Total RNA from salivary glands was isolated using RNAqueous (Ambion) and was reverse transcribed according to a standard protocol (Invitrogen). For each group, the cDNA was PCR amplified using gene-specific primers (GSP) for #16 (5′-ttgctgcttcgtattcgttgg-3′ and 5′-cacacaagtagggaaatgtcggc-3′), #09 (5′-gttgggaaccacgctgtcag′ and 5′-ccaggcattttgaatcggg-3′), #02 (5′-tggtgatggtatttgcggcg-3′ and 5′-gcttggttttggaagtaaggtcc-3′), and human β-actin (Stratagene, La Jolla, CA) with a PCR program; 95°C for 2 min, and 28 cycles of 94°C for 60 sec, 55°C for 60 sec, and 72°C for 90 sec, with final 20 min at 72°C.
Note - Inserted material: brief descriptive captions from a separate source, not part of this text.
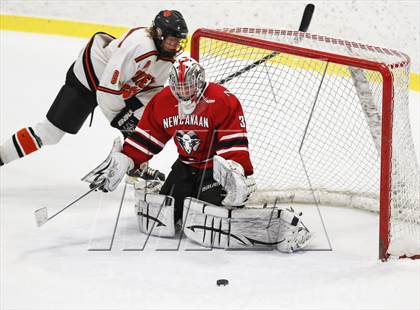 Thumbnail 3 in Ridgefield vs. New Canaan (FCIAC Semifinal) photogallery.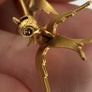 Magnifique Broche divine victorienne en or 18 carats sertie de diamants hirondelles en vol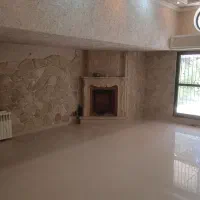ویلایی 3طبقه مجزا 350متر بنای مفید بازسازی شده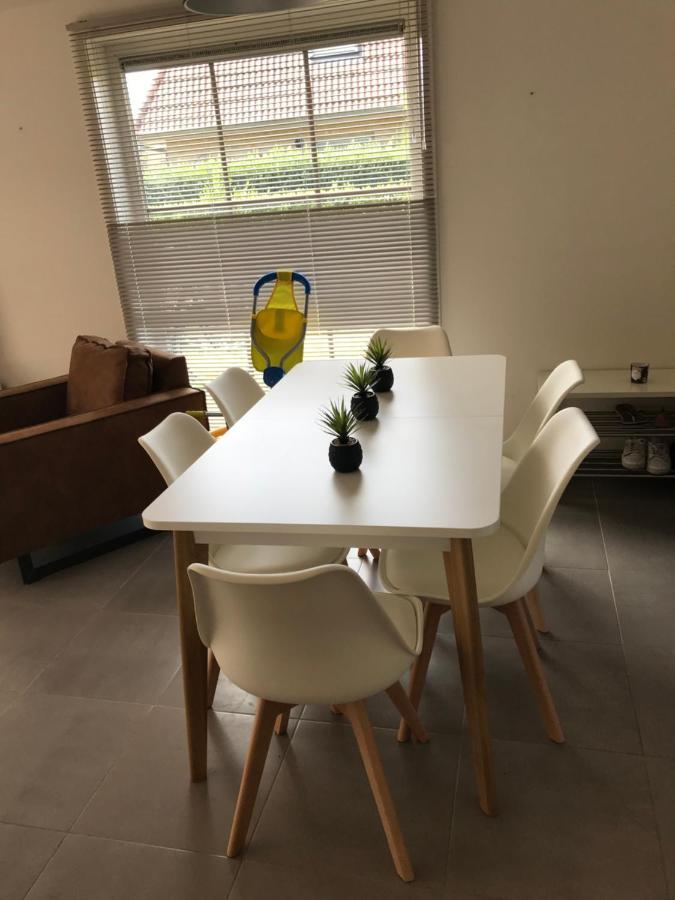 Vakantiehuisje De Panne vlak aan Plopsaland en de zee Buitenkant foto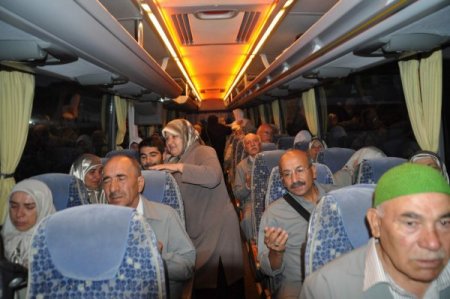 Yozgatlı hacı adayları dualarla kutsal topraklara uğurlandı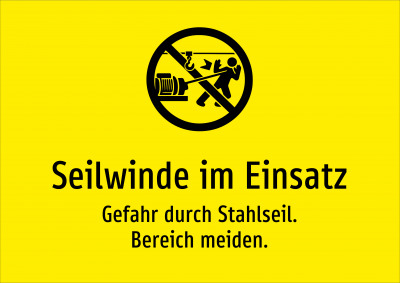 Seilwinde im Einsatz - Gefahr durch Stahlseil. Bereich meiden.
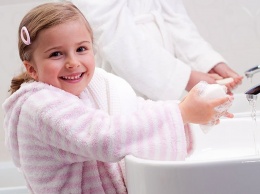 Ученые: Пенное мыло не очищает руки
Ixodid ticks have long been known to be effective feeders that feed for extended periods on the host. But little is known about how ticks overcome the host immune response and manage to stay attached to the host for the entire duration of feeding. However, it has been established that salivary secretions are extremely important for the ticks to be successful feeders and transmitters. Identification of the proteins involved in this process has been slow due to the high sequence variation of proteins in ticks compared with other species. With the advent of high-throughput genomic and proteomic technologies, the availability of sequence information of proteins and genes that encode them has increased significantly. It is extremely important to study the functions performed by these proteins. RNAi, over the past few years, has been an effective and rapid tool in studying the functional roles of the identified proteins in several species. RNAi has been successfully employed and tested in tick salivary gland research. RNAi research in ticks is still in the early stages. Several proteins thought to be important for ticks to be effective feeders and vectors of pathogens could be effectively targeted and silenced. A tick genome sequencing project is currently underway, and once completed will result in a wealth of sequence information of genes expressed in ticks. The significance of the proteins encoded by the expressed genes in ticks has to be studied. RNAi could be highly useful in this regard in tick research. This might provide greater insights into tick biochemistry and physiology, and more importantly into tick control. The proteins determined to be functionally important could be targeted for designing drugs, thereby making ticks less pathogenic.